PROBLEM TO WORK ON:
Copy exactly, please, the lines of the data from its start through the line containing "在飛比找Yahoo奇摩購物中心優惠-安體百克antibac2K Magic Ball空氣洗淨機".

DATA TO EXAMINE:

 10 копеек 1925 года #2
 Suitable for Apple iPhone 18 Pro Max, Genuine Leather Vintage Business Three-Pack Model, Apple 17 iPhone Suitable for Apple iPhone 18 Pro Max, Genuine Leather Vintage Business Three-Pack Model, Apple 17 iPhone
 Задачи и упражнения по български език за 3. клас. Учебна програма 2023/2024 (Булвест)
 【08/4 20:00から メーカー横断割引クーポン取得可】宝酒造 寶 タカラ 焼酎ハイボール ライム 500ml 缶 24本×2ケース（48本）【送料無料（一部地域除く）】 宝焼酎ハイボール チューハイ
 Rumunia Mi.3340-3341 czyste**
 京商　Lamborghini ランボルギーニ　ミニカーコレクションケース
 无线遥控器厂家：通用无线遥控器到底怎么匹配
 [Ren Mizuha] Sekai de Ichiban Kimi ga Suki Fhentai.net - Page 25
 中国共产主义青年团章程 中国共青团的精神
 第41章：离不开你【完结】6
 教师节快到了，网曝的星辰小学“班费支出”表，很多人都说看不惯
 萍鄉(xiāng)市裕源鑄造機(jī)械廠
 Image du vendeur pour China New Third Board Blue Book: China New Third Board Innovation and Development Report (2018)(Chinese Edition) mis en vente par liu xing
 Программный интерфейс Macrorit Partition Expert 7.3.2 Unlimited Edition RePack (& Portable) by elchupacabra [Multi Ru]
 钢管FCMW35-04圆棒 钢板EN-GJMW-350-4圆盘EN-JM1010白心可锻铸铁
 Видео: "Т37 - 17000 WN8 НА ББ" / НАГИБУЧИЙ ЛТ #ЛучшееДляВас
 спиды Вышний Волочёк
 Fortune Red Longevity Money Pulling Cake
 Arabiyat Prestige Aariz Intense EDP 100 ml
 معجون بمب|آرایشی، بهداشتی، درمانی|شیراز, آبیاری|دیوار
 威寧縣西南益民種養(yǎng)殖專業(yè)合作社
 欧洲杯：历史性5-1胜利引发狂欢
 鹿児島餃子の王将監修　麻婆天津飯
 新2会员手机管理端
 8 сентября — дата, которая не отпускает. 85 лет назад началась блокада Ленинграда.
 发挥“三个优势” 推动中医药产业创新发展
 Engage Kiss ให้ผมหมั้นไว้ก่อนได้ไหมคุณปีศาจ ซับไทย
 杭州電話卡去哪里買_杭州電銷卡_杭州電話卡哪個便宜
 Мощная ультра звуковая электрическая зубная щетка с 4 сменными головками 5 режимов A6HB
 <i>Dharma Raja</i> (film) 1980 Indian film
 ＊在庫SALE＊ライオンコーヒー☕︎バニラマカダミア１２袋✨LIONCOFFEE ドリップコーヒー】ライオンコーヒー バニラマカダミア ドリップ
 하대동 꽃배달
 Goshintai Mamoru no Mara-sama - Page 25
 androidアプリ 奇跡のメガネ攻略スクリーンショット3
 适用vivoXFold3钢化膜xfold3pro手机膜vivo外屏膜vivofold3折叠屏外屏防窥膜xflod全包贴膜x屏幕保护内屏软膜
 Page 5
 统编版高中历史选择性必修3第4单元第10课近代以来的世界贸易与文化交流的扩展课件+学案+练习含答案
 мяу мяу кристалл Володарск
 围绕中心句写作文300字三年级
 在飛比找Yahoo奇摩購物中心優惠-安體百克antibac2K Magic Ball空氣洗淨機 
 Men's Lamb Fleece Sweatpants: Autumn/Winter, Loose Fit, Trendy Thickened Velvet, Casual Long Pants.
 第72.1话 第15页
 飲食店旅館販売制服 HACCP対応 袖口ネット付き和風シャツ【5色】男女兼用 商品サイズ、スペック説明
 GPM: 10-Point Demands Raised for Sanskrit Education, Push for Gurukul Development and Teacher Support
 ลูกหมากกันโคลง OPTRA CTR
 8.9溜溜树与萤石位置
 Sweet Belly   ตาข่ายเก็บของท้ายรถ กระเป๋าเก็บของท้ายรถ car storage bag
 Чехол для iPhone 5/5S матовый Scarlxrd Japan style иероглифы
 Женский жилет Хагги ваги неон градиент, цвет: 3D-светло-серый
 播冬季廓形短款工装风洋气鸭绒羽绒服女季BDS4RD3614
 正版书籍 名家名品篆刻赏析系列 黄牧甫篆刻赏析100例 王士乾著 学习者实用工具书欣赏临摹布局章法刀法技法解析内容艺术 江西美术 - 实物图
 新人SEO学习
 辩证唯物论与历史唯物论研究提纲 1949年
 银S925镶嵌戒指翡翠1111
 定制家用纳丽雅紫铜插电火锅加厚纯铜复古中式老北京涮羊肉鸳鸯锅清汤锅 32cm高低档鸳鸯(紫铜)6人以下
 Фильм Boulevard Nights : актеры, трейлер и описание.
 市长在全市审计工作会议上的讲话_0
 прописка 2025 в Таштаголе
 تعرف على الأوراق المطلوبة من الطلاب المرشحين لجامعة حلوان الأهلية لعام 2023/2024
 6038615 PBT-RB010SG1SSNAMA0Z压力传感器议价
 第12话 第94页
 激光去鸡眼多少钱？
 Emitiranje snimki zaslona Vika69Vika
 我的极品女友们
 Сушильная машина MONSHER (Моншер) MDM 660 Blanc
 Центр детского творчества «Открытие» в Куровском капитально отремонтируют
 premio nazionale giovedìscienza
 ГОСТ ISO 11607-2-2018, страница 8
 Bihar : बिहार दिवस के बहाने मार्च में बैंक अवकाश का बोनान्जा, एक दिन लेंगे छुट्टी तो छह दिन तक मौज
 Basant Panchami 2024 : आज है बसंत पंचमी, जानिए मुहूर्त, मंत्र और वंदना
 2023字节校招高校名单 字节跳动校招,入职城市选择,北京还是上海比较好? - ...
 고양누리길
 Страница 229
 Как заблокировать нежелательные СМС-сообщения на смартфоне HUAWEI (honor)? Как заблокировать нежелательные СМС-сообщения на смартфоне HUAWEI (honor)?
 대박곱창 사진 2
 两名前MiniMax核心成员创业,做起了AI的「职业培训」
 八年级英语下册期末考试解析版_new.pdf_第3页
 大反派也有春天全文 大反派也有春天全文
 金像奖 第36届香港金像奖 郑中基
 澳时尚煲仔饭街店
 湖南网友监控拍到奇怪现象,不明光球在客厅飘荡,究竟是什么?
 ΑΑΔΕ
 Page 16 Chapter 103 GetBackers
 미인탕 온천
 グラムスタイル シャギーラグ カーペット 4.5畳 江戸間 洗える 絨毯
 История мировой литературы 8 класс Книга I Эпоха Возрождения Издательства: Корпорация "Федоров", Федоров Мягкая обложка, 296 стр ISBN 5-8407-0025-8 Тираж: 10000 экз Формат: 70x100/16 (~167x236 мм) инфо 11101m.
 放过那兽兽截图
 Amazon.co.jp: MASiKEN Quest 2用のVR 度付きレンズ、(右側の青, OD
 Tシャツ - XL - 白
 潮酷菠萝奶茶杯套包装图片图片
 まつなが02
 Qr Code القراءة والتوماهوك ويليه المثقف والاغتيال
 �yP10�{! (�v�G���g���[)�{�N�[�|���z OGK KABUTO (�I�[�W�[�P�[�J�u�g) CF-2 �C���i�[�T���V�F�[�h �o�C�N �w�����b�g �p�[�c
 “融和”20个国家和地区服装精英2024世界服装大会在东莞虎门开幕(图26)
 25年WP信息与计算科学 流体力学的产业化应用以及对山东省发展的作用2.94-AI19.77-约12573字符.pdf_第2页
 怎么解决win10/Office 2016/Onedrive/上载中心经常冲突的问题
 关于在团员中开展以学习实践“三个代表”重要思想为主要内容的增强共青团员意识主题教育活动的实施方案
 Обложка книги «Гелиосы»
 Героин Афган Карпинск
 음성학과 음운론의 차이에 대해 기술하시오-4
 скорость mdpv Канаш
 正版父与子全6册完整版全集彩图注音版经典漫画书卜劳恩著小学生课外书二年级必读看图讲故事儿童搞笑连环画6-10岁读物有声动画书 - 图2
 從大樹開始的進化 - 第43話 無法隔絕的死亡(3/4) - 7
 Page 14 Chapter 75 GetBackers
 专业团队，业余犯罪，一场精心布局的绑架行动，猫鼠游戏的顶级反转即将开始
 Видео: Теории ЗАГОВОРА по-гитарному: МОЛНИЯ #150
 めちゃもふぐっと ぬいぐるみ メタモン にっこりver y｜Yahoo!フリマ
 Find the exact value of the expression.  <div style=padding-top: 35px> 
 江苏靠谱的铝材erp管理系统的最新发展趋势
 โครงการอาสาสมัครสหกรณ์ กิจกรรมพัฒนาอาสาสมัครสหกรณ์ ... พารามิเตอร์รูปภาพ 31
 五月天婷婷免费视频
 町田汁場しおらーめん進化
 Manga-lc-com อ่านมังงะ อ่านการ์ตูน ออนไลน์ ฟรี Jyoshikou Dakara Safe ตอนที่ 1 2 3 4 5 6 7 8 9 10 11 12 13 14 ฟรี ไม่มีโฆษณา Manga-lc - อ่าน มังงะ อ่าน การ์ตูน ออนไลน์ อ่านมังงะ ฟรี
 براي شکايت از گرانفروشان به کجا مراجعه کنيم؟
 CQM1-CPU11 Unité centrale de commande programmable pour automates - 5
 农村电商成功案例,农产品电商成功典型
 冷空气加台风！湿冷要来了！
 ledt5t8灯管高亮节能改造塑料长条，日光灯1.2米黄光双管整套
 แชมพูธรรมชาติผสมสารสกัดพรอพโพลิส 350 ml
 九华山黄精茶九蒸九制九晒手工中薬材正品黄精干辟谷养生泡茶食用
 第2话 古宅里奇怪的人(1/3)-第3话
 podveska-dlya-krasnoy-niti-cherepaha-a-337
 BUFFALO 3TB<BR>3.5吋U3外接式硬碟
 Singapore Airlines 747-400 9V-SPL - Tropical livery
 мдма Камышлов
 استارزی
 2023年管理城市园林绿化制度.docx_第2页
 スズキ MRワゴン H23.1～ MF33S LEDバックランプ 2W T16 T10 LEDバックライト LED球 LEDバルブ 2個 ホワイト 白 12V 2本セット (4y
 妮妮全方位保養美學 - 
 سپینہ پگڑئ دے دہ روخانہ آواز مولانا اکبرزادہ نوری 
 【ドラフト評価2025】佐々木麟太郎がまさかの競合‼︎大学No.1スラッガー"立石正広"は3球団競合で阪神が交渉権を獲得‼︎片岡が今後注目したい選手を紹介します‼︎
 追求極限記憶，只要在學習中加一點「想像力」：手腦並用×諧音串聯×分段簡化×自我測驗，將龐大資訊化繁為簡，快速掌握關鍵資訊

SOLUTION FOR THIS TASK:
 10 копеек 1925 года #2
 Suitable for Apple iPhone 18 Pro Max, Genuine Leather Vintage Business Three-Pack Model, Apple 17 iPhone Suitable for Apple iPhone 18 Pro Max, Genuine Leather Vintage Business Three-Pack Model, Apple 17 iPhone
 Задачи и упражнения по български език за 3. клас. Учебна програма 2023/2024 (Булвест)
 【08/4 20:00から メーカー横断割引クーポン取得可】宝酒造 寶 タカラ 焼酎ハイボール ライム 500ml 缶 24本×2ケース（48本）【送料無料（一部地域除く）】 宝焼酎ハイボール チューハイ
 Rumunia Mi.3340-3341 czyste**
 京商　Lamborghini ランボルギーニ　ミニカーコレクションケース
 无线遥控器厂家：通用无线遥控器到底怎么匹配
 [Ren Mizuha] Sekai de Ichiban Kimi ga Suki Fhentai.net - Page 25
 中国共产主义青年团章程 中国共青团的精神
 第41章：离不开你【完结】6
 教师节快到了，网曝的星辰小学“班费支出”表，很多人都说看不惯
 萍鄉(xiāng)市裕源鑄造機(jī)械廠
 Image du vendeur pour China New Third Board Blue Book: China New Third Board Innovation and Development Report (2018)(Chinese Edition) mis en vente par liu xing
 Программный интерфейс Macrorit Partition Expert 7.3.2 Unlimited Edition RePack (& Portable) by elchupacabra [Multi Ru]
 钢管FCMW35-04圆棒 钢板EN-GJMW-350-4圆盘EN-JM1010白心可锻铸铁
 Видео: "Т37 - 17000 WN8 НА ББ" / НАГИБУЧИЙ ЛТ #ЛучшееДляВас
 спиды Вышний Волочёк
 Fortune Red Longevity Money Pulling Cake
 Arabiyat Prestige Aariz Intense EDP 100 ml
 معجون بمب|آرایشی، بهداشتی، درمانی|شیراز, آبیاری|دیوار
 威寧縣西南益民種養(yǎng)殖專業(yè)合作社
 欧洲杯：历史性5-1胜利引发狂欢
 鹿児島餃子の王将監修　麻婆天津飯
 新2会员手机管理端
 8 сентября — дата, которая не отпускает. 85 лет назад началась блокада Ленинграда.
 发挥“三个优势” 推动中医药产业创新发展
 Engage Kiss ให้ผมหมั้นไว้ก่อนได้ไหมคุณปีศาจ ซับไทย
 杭州電話卡去哪里買_杭州電銷卡_杭州電話卡哪個便宜
 Мощная ультра звуковая электрическая зубная щетка с 4 сменными головками 5 режимов A6HB
 <i>Dharma Raja</i> (film) 1980 Indian film
 ＊在庫SALE＊ライオンコーヒー☕︎バニラマカダミア１２袋✨LIONCOFFEE ドリップコーヒー】ライオンコーヒー バニラマカダミア ドリップ
 하대동 꽃배달
 Goshintai Mamoru no Mara-sama - Page 25
 androidアプリ 奇跡のメガネ攻略スクリーンショット3
 适用vivoXFold3钢化膜xfold3pro手机膜vivo外屏膜vivofold3折叠屏外屏防窥膜xflod全包贴膜x屏幕保护内屏软膜
 Page 5
 统编版高中历史选择性必修3第4单元第10课近代以来的世界贸易与文化交流的扩展课件+学案+练习含答案
 мяу мяу кристалл Володарск
 围绕中心句写作文300字三年级
 在飛比找Yahoo奇摩購物中心優惠-安體百克antibac2K Magic Ball空氣洗淨機 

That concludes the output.